IRBIL, Iraq – The 15-year-old Iraqi boy was lying in a hospital bed recovering from his wounds when his brother brought him the news: Their father, a few rooms over, had just died from the shrapnel lodged in his head from the same Islamic State mortar attack.
Abdul-Hameed Nasser punched the wall by his bed and screamed, "God curse the father of the Islamic State!" Then he lay gazing into space with tearful eyes, sometimes pulling the blanket over his head.
It was a tragic end for the family patriarch, Eid, after two years of moving repeatedly across northern Iraq seeking safety. In the end, they were among the many civilians caught in the crossfire as Iraqi forces slowly punch their way into the northern city of Mosul, facing ferocious resistance every step of the way.
Their experience illustrates how even those parts of the city that Iraqi troops have recaptured are far from safe. Government forces moved into Nasser's neighborhood, called Nour, a month ago. Yet last week, on a miserable rainy day, militants unleashed a torrential barrage on the district.
"Rain and mortars came down like buckets," Abdul-Hameed's cousin, Mohammed Saad Abdul-Karim, said. "The battle was so intense, almost everyone in the neighborhood seemed to flee at the same time. Many were screaming for help or from pain. It was like doomsday."
The 14-member family fled. Six of them were wounded by the mortar fire, including Abdul-Hameed, one of his siblings and — most gravely of all — his father.
During heavy fighting, up to 100 wounded civilians a day flow into the West Irbil Emergency Hospital, the facility in the capital of Iraq's self-ruled Kurdish region where most casualties from the conflict are brought, said Dr. Ansam Abdul-Saheb.
"We have many difficulties because they come without their relatives, most of them are children," she said. "They are crying and it's hard to communicate with them."
Human Rights Watch said Wednesday that IS fighters are deliberately targeting civilians who refuse to join them as they retreat. In a statement, it said at least 19 civilians were killed and dozens wounded in the period from the third week of November into the first week of December.
The New York-based group said the fatalities were caused by IS mortar or sniper fire, car bombs, roadside bombings and direct attacks, as well as in airstrikes by Iraqi forces and the U.S.-led coalition. The findings were based on interviews with more than 50 residents who had fled eastern Mosul, HRW said.
"Civilians are being hit from all sides in Mosul," said Lama Fakih, deputy Middle East director at HRW. IS "atrocities do not absolve Iraqi forces and the international coalition from doing their utmost to protect civilians."

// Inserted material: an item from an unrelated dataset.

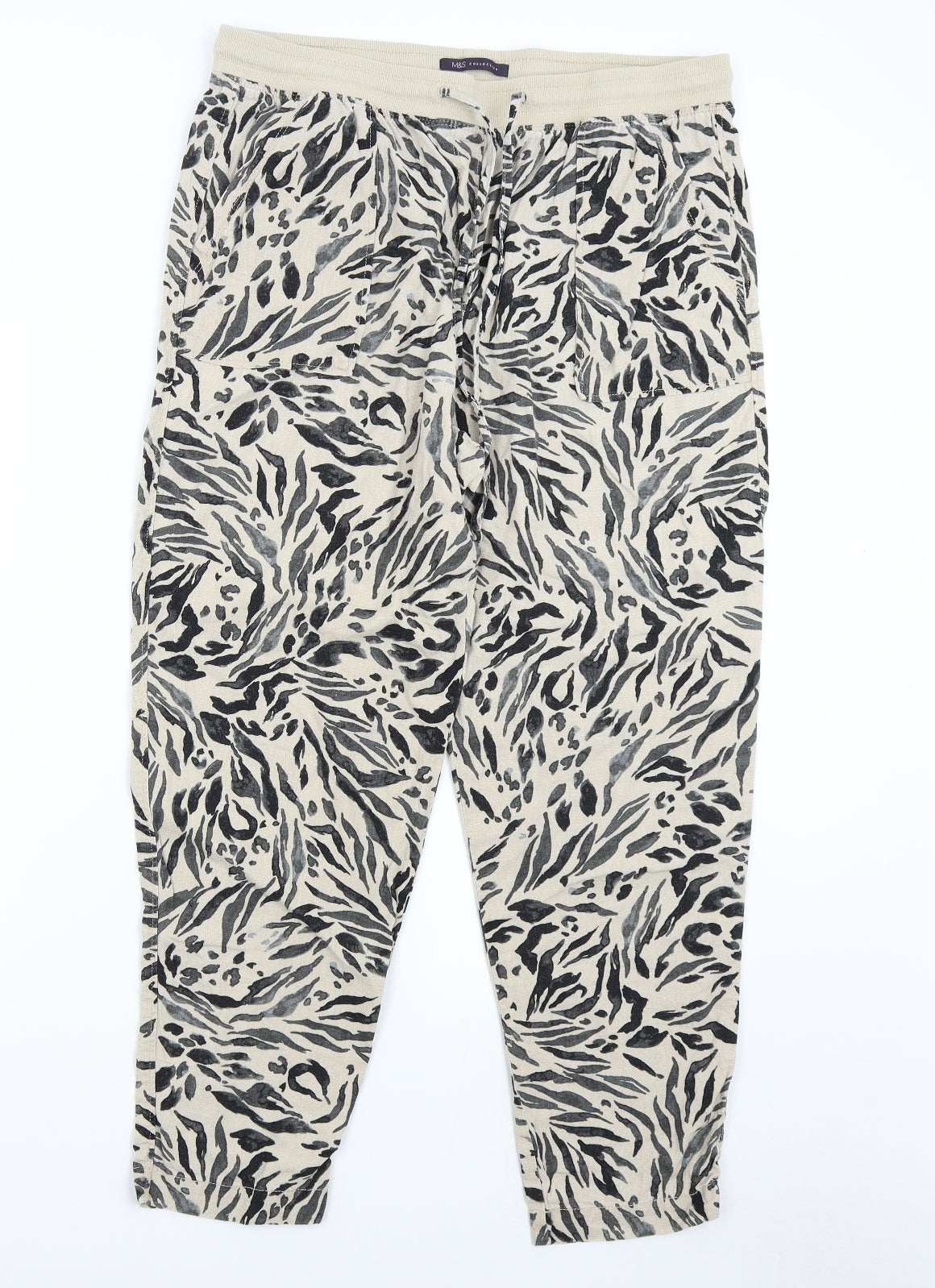 M&S Womens Beige Animal Print  Trousers  Size 16 L27 in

When the Iraqi campaign began in October, an estimated 1 million people were still in Mosul.
The Iraqi government told residents to stay in their homes during the assault, hoping to avoid a flood of displaced people. But the fighting has dragged on, and the military has taken only about a quarter of the city. Unable to endure without electricity or water as supplies run out, residents near front lines often have no choice but to leave.
At least 100,000 have so far fled the city. Those staying behind are in danger of being hit by shelling or caught in intense house-to-house fighting. Neighborhoods retaken by government troops have endured repeated mortar shelling and sneak attacks.
According to residents who fled, families wishing to get out make contact with the military through phone numbers given on radio broadcasts. Often, the military deploys drones or helicopter gunships to ensure their safety as residents bolt toward safer areas. If it's nighttime, the helicopters release flares to illuminate their route.
But in some cases, families lose their way, wandering into minefields or the cross hairs of snipers.
For the Nasser family, Mosul was just one stop in a perilous odyssey that began when IS swept across the country in 2014.
They left Beiji, in central Iraq, when IS militants took the oil refinery city that summer. They settled in a suburb for several months, then headed to the nearby city of Kirkuk, which had come under the control of Kurdish forces.
The Kurds, suspicious of Sunni Arabs from IS-held areas, made the family and others sleep in the fields on the edge of the city, then finally turned the Nasser family away.
That was when Eid Nasser took them to Mosul, where they lived in a house vacated by acquaintances who had fled. IS soon evicted them and took over the house, so they moved across the river into Mosul's eastern sector and rented a house in Nour.
They tried to flee Mosul last year, but were caught by IS fighters, who impounded the family's two all-terrain vehicles and forced them to sign a pledge never to attempt to leave the city.
"I miss school," said the slender Abdul-Hameed as a nurse changed his bandages — minutes before he heard of his father's death. "I want to go back to school and go to university to be an engineer."
"Iraq is no longer a good place to live," interjected his cousin, Abdul-Karim, whose face was hit by small shrapnel. "We will probably settle here in Kurdistan."